5. Discourage people who are sick from attending. Many people feel like they’ve been cooped up in their homes for a very long time. They just want to get out and among friends again. But that’s not advisable if they’re not feeling well. Don’t make anyone feel like they’re missing Christmas if they miss your small event.
You will need to walk a fine line between marketing the reopening your chamber events as the best thing since corona dampened our fun and not making it sound so amazing that people will leave the house to attend even if they’re not feeling 100%. Make sure everyone knows this is the beginning and you will have many fun events in the future as well.
6. Consider a sick protocol. COVID has a long incubation period. Because of that, it’s possible to develop symptoms even if you haven’t been around anyone for a couple of days. If anyone appears to feel sick at the event, send them home immediately.
Consider a possible course of action should an attendee tell you they tested positive for the virus within a two-week window of attending your event. You will want to be able to get the message out to everyone who attended as quickly as possible. In that situation, you’ll want to make sure that you have an up-to-date list of everyone who attended.
7. Decide your refund policy ahead of time and know the venue’s policy as well. Again, just because businesses are reopened doesn’t mean they necessarily will remain open. Should statistics tell us it is unsafe to do so, local health care and law enforcement may be forced to cancel your event. It helps if you know ahead of time what kind of refund policy you intend to enact.

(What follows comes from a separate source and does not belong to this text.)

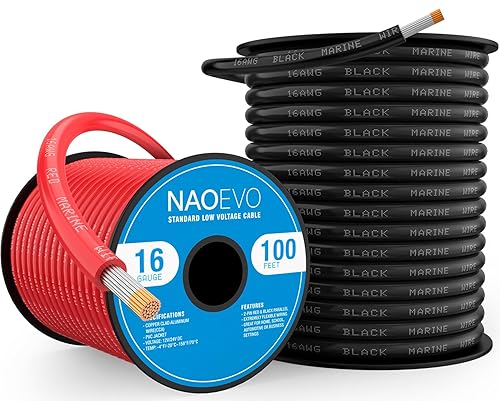 Miniatura 33 de NAOEVO Cable marino de calibre 4, 4 AWG de cobre estañado de PVC de grado marino, cable eléctrico IP68 resistente al agua y a la corrosión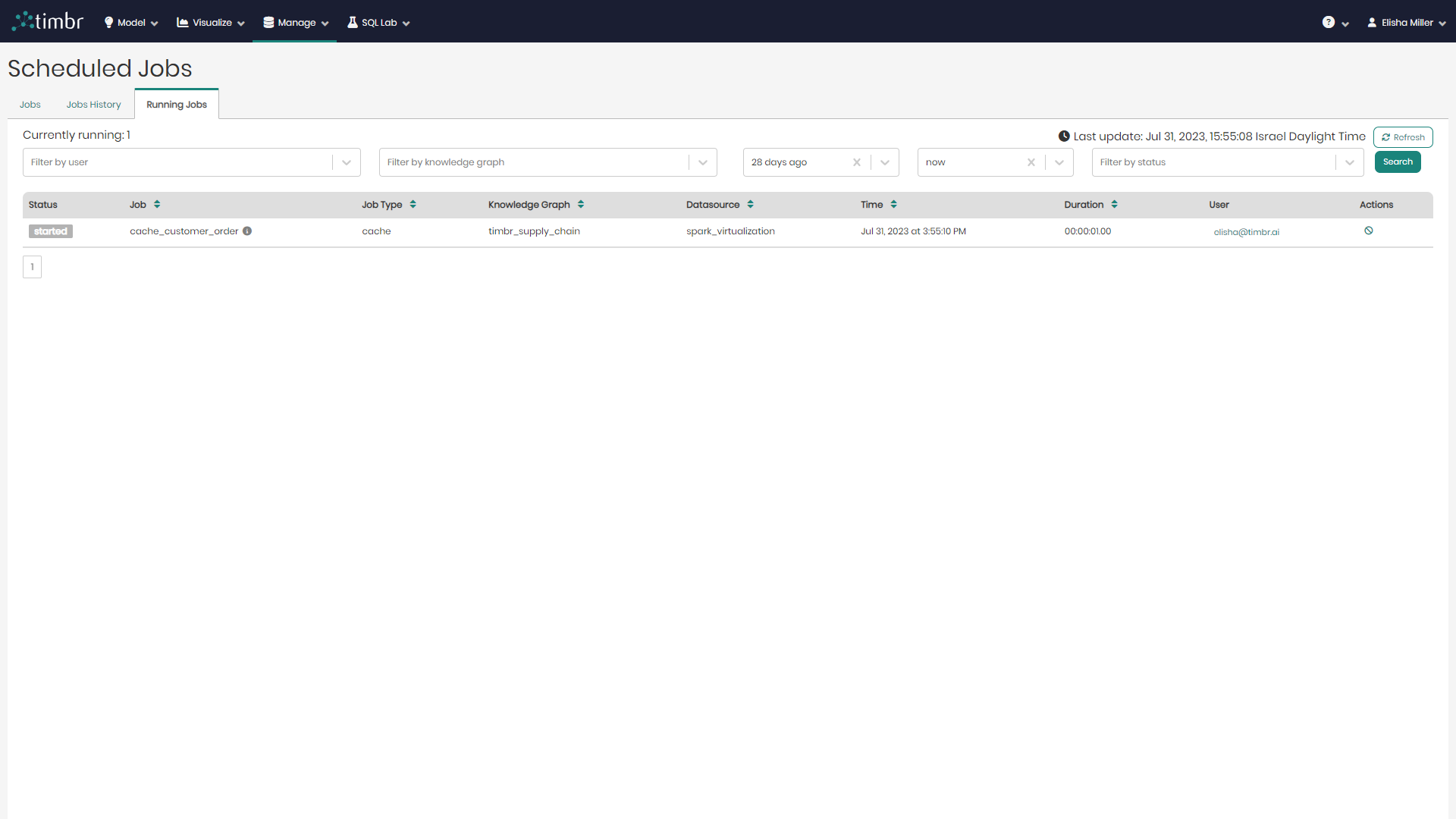 Scheduled Jobs- Running Jobs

Will you give them 100% of their money or some other percentage back? Or will you simply host the event in the future and apply their current payment to that? Or only issuing refund if they were unable to make the future event?
In addition to your own refund policy, you should know what that of the venues is. Most venues are giving money back for events that can’t be held due to local health ordinances. However, make sure you’re clear as to what their policy is should you decide not to host the event versus being told you can’t hold the event.
8. Evaluate your success. After you host your first event post COVID, you’ll want to assess its success. Was attendance what you expected? Did you perhaps start having events too early?
How did the attendance of one event compare to another? For instance, did you have a lot of people attend your networking event but fewer people attend a lunch and learn?
9. Use your event evaluation to decide what you continue to offer. It doesn’t take a very astute person to realize that once we open back up for business completely that a lot of people will be looking for work. You will likely need to re-evaluate the types of events you offer. You may find the training and job fairs are top interests in your community. Whatever you discover, rework your events to fit those models.
This virus and subsequent closures will change the future of work and where people are working. The chamber should try to anticipate those shifts as well.
As leaders begin to allow events again, ask yourself, “What does your community need most from your chamber right now?” The success of your events will be based on your ability to interpret those needs and match your offerings to them.